Si alguien espera una explicación de los motivos por los que la marea turística deserta de una apuesta a priori segura, se equivocan de ventanilla. Este patafísico querría anunciar a los cuatro vientos la buena nueva del pinchazo del globo turístico barcelonés, la saturación de una ciudad customizada que ya no da más de sí, pero soy escéptico al respecto. No cabe duda de que el Maremagnum es, en fin, uno de los principales dioramas fashion que Barcelona pone al servicio del turismo, un escenario en el que las únicas figurantes indígenas —argentinas, ecuatorianas o rumanas, barcelonesas al fin y al cabo— son las currantas que giran enérgicamente la manivela de ese motor que no acaba de carburar como querrían sus hacedores. Así, se comprende la sorpresa de camareras y dependientas cuando se dirigen a este patafísico en inglés, para verter leche en su té o para ofrecerle descuentos en el espectáculo de turno. ¿Qué puede ser, en efecto, un patafísico a media mañana deambulando por aquel parque temático sino un turista extraviado? De acuerdo, puede ser también un inspector de sanidad o un comercial algo desubicado, pero a esos personajes puede una reconocerlos de inmediato; sus andares los delatan como los giros en redondo lo hacen con las aves de rapiña. Toda esta península artificial está concebida para la explotación del turismo ocasional, de manera que la población autóctona tiende a considerar cualquier visita furtiva al Maremagnum como una especie de anomalía cósmica, mientras se lucen con sus pares presumiendo de no haber estado nunca allí, como sucede con la Sagrada Familia, el avistadero de la estatua de Colón o el teleférico de Montjuïc.

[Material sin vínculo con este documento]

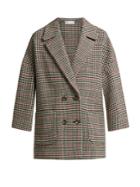 Redvalentino Houndstooth-check Wool-blend Coat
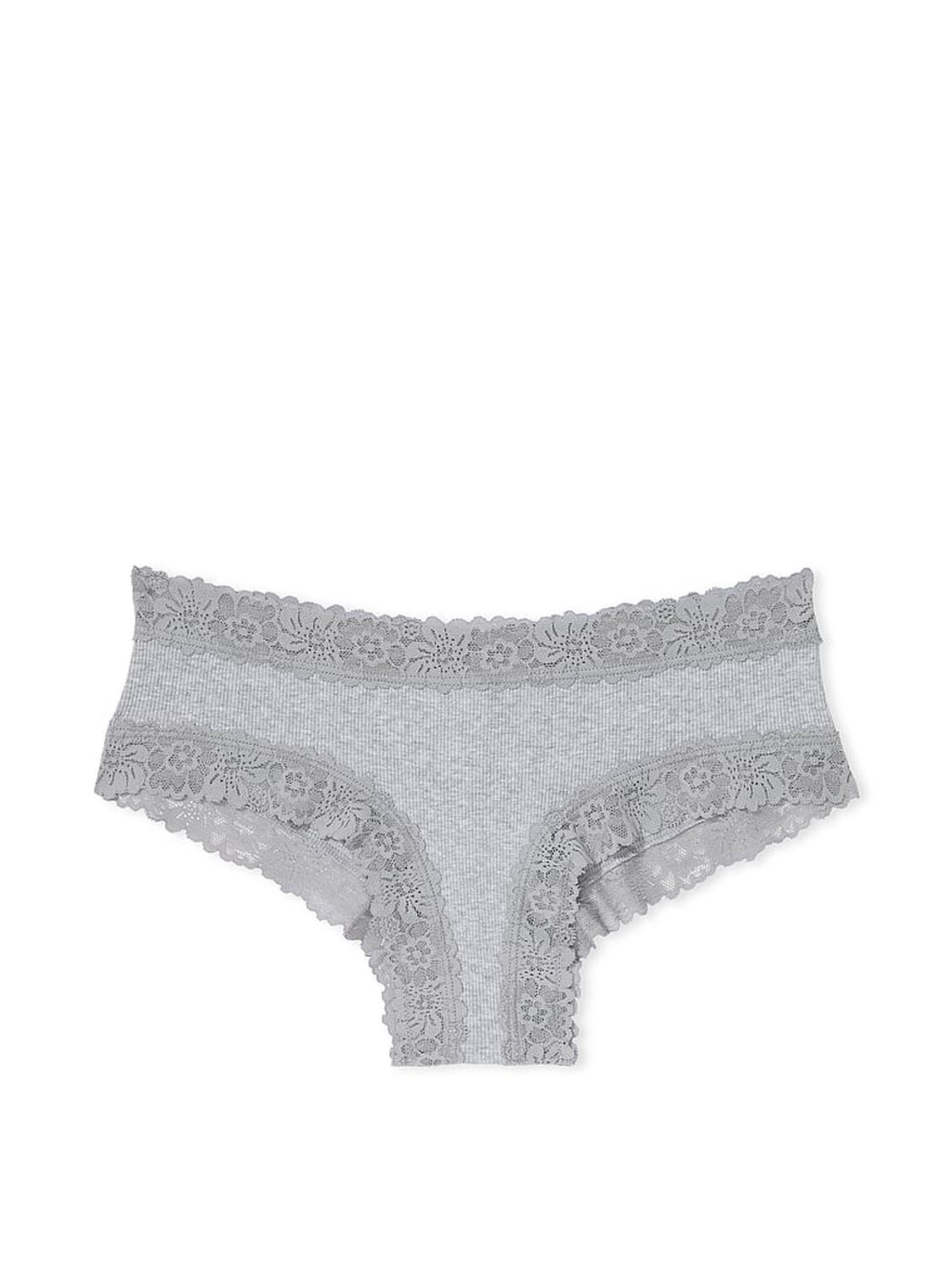 pink Pink Wink Lace-Trim Cheeky Panty Medium Heather Grey 3 of 3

¿Es, pues, la crisis inmobiliaria y comercial del Maremagnum el resultado de una regulación del mercado, la rectificación natural de una planificación errática, el indicio de una burbuja turística? Este patafísico no tiene la más remota idea, pero a los pies de ese gigante con pies de barro contemplo las obras que se desarrollan al otro lado del puerto, en virtud del Pla Especial de la Nova Bocana, allí donde en un futuro próximo deberá alojarse la franquicia del Museo Hermitage, y constato que esta ciudad es experta en las huidas hacia adelante, y que, cuando está a punto de quemarse, la solución que suele administrar es la de echar más leña al fuego. El rey ha muerto, viva el rey. Desde aquí, y con el ánimo constructivo que siempre caracteriza a las propuestas patafísicas, queremos ofrecer soluciones alternativas a las políticas de tierra quemada que emergen en la ciudad. A las autoridades y a quienes de verdad gobiernan les pedimos, por ejemplo, que reciclen las instalaciones en decadencia del Port Vell y promuevan el traslado del CIE de Zona Franca al IMAX. En cuanto al gremio de patafisicos al que hacíamos alusión al inicio de este artículo, les sugerimos volar los accesos al Maremagnum, desmembrar esa plataforma de hormigón del continente, y convertirla entonces en una nueva isla de la Tortuga, en una república pirata que pueda acoger en su seno al rebaño descarriado por un proyecto de ciudad cada vez más exclusivo. Tal vez de ese modo, el rebaño se torne legión.